Supplied material:
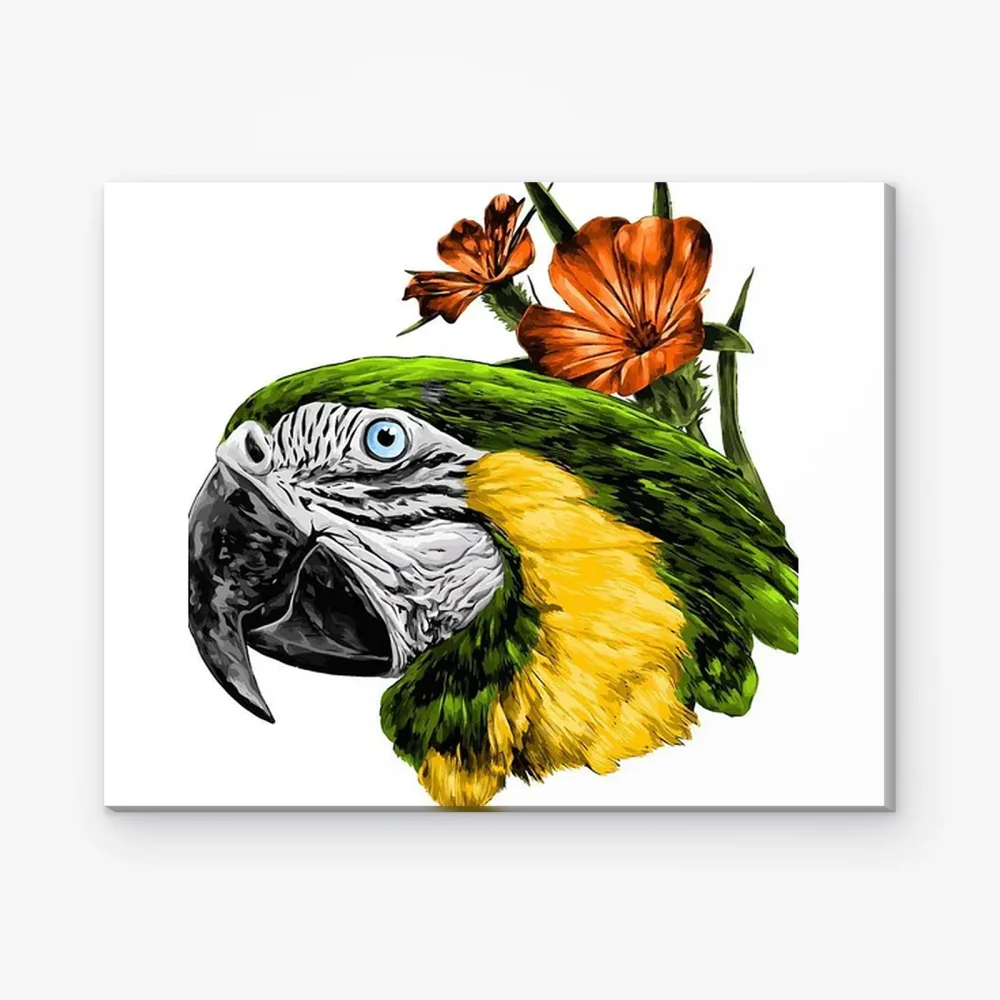 Pintar por Números - Loro Close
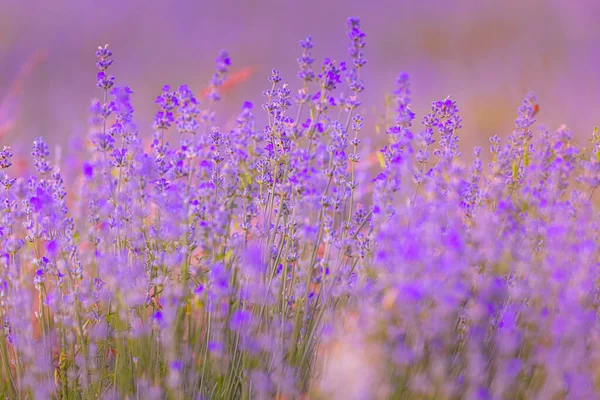 薰衣草紫色花朵特写在模糊的背景上 — 图库照片
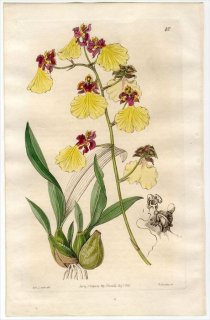 1845ǯ Edwards's Botanical Register No.40  󥷥° ONCIDIUM spilopterum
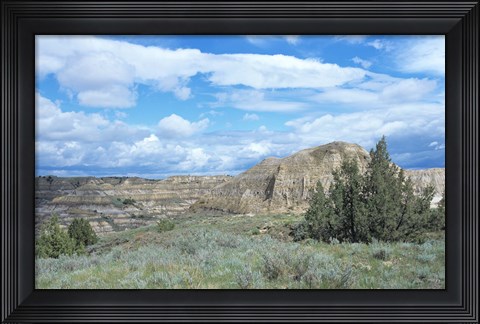 Framed Theodore Roosevelt National Park 4 Print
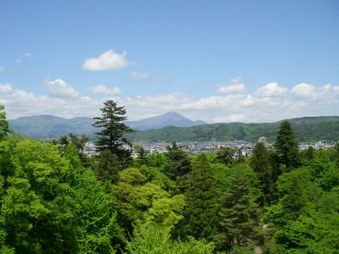 Enlarge photo 49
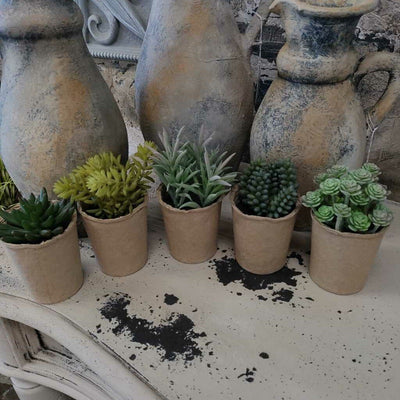 Succulents in Cardboard Container - 4
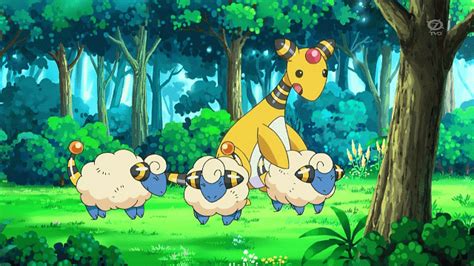 Pokemon Breeding Animated  On Imgur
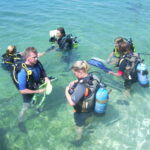 REFRESHING dive (slow beginn - supplement of attention - theory)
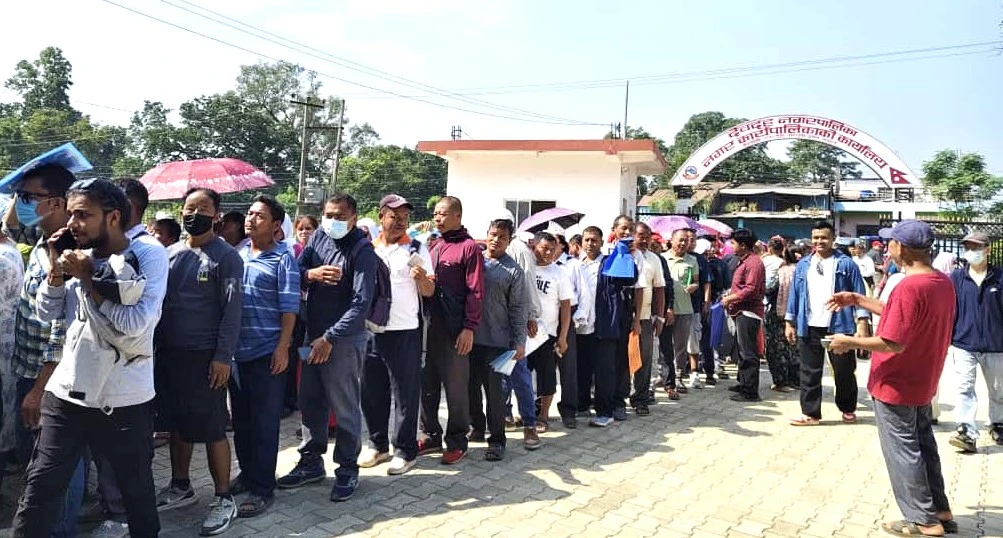 purja 1.jpg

What you should do:
Please reproduce, exactly and only, the lines from the line containing "Framed Theodore Roosevelt" through the last line of the material above, minus any pictures.

Answer to this exercise:
 Framed Theodore Roosevelt National Park 4 Print
 Enlarge photo 49
 Succulents in Cardboard Container - 4
 Pokemon Breeding Animated  On Imgur
 REFRESHING dive (slow beginn - supplement of attention - theory)
 purja 1.jpg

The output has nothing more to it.